STEMPEL, Michelle M., Laboratory for Atmospheric and Space Physics, Univ of Colorado, Campus Box 392, Boulder, CO 80309-0392 and PAPPALARDO, Robert, Astrophysical and Planetary Sciences Department, Univ of Colorado, Campus Box 392, Boulder, CO 80309-0392, stempel@colorado.edu

Nonsynchronous rotation stress patterns have swept across the surface of Europa, with principal stresses represented as orthogonal directions of least and greatest compression. Many researchers have assumed that lineaments have formed as tension cracks. This assumption breaks down in two antipodal football-shaped zones in the equatorial zone of Europa, in which both principal stresses are compressional.
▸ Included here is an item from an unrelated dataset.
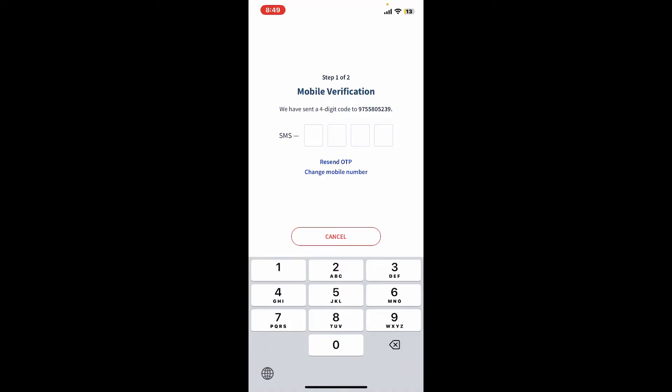On the next step, you will need to upload a valid government-issued ID, proof of income, and proof of billing. Make sure the documents are clear and readable. After you are done with everything, you will then be able to create a new account on BillEase.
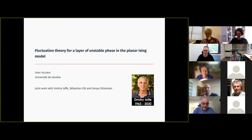It is a great pleasure to have today Ivan Velenic from the University of Geneva, who is going to tell us about fluctuation theory for a layer of unstable phase in the planar Ising model.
Lineaments in the equatorial compressional zones (ECZs) may form as conjugate pairs of strike-slip faults, with predicted orientations of ~30° from the greatest compressional stress direction. Predicted differential stress magnitudes in the ECZs are sufficient to cause failure in shear if lithospheric strength is frictionally controlled. Based on the hypothesis of conjugate shear failure, we have evaluated the stratigraphy of lineaments near Europa's leading point (lat 0-30°, lon ~80°), a region predicted to be just emerging from an ECZ. We have mapped >50 lineaments in the Galileo E15REGMAP02 observation at ~235 m/pixel. Lineaments have been grouped into inferred stratigraphic intervals based on the number of overcuttings versus undercuttings of other mapped lineaments. Lineaments formed as conjugate shears are expected to be oriented at a range of angles, with two orientations dominant in each stratigraphic level, exceptions being N-S and E-W orientations. Lineament orientations do fit the predicted pattern of conjugate shears. The predicted dominant E-W orientation of lineaments if due to either diurnal stress patterns or equatorial tensile zone stresses is completely lacking in the mapped area. This places an upper limit of ~90° of nonsynchronous rotation for the icy shell, and supports the hypothesis of conjugate shear failure. We continue to test the hypothesis of conjugate shear failure with modeling of surface stresses and areas in which failure of the icy shell can occur, and eventually through generation of a precise stratigraphy for regions of Europa in order to compare with modeling predictions.